_RECORDED DATA_.
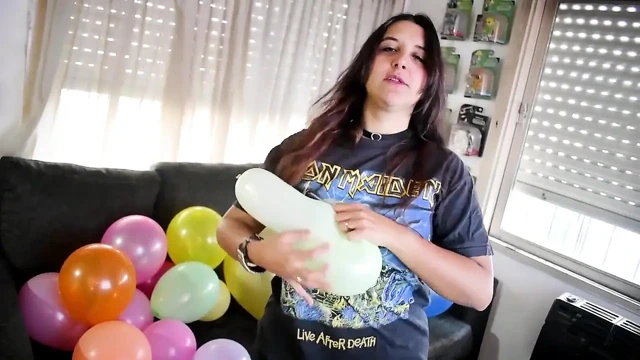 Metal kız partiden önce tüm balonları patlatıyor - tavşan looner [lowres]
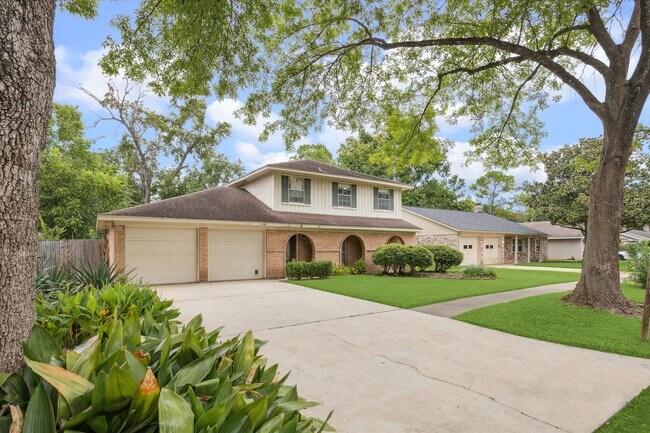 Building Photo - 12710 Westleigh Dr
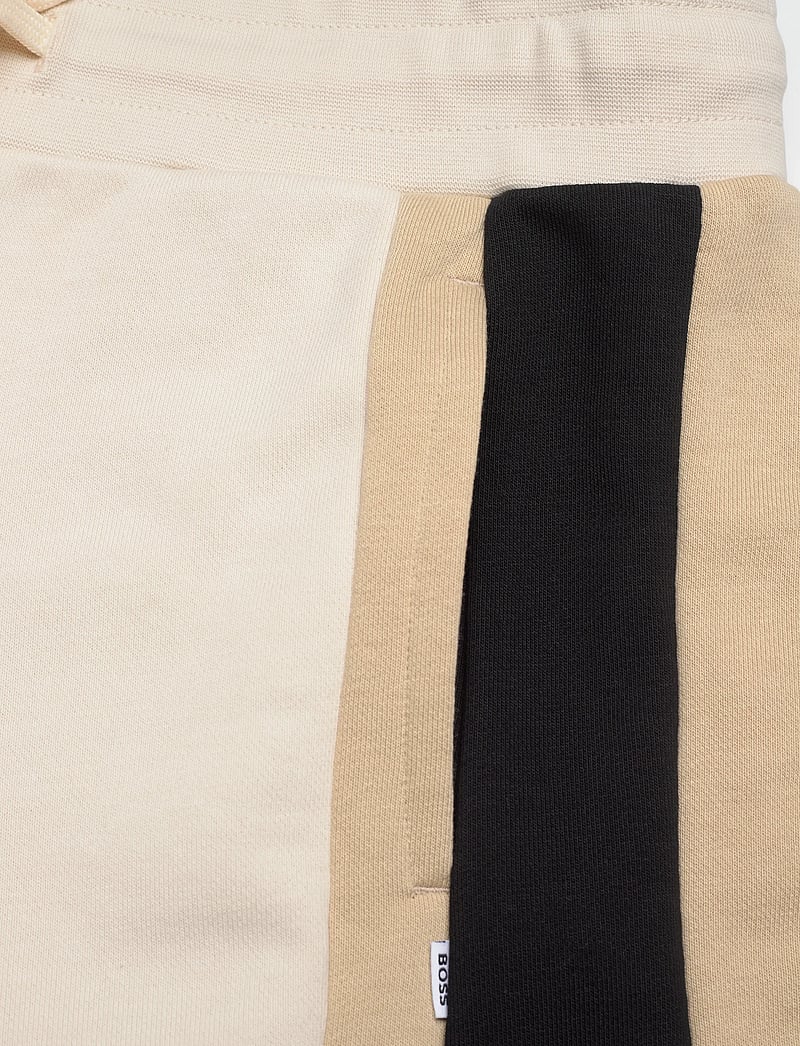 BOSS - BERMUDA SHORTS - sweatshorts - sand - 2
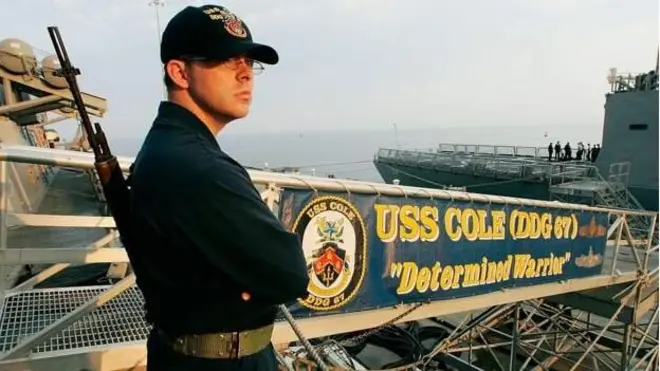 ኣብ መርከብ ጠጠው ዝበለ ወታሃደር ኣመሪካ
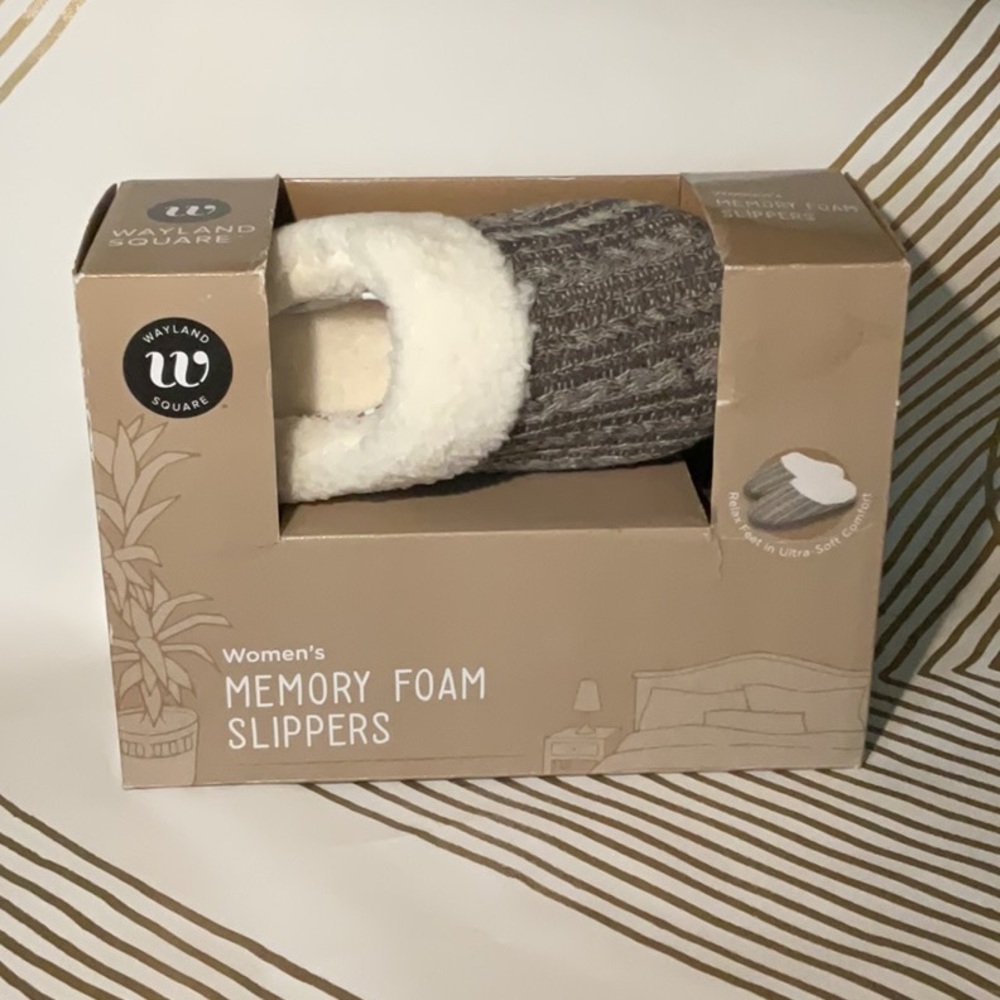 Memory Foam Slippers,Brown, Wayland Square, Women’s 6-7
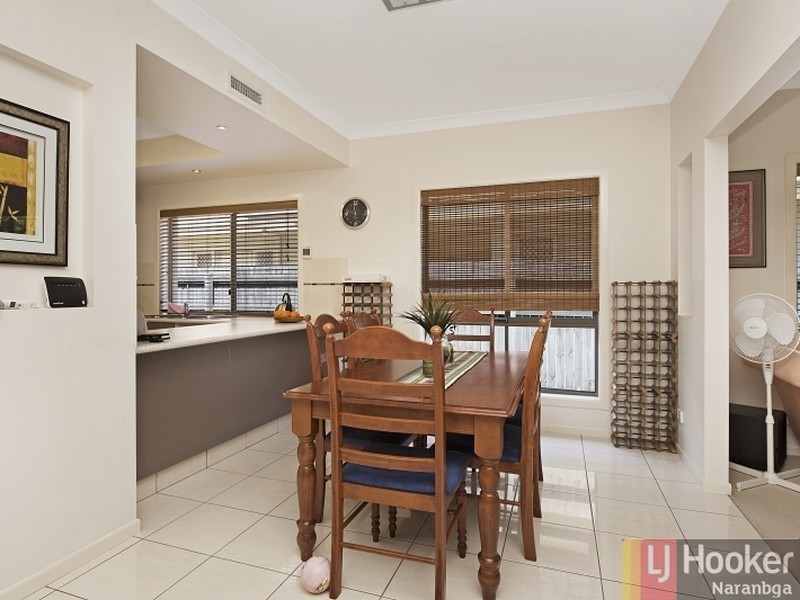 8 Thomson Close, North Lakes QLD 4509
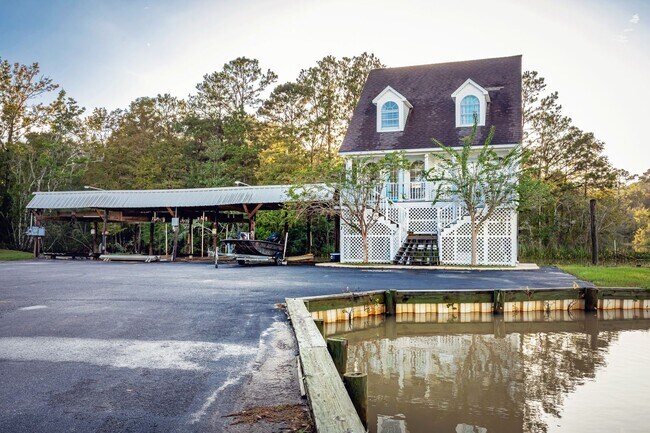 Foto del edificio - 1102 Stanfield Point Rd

_PROMPT_.
Would you retype the material exactly, omitting each picture?

_RESULT OF THIS TASK_.
 Metal kız partiden önce tüm balonları patlatıyor - tavşan looner [lowres]
 Building Photo - 12710 Westleigh Dr
 BOSS - BERMUDA SHORTS - sweatshorts - sand - 2
 ኣብ መርከብ ጠጠው ዝበለ ወታሃደር ኣመሪካ
 Memory Foam Slippers,Brown, Wayland Square, Women’s 6-7
 8 Thomson Close, North Lakes QLD 4509
 Foto del edificio - 1102 Stanfield Point Rd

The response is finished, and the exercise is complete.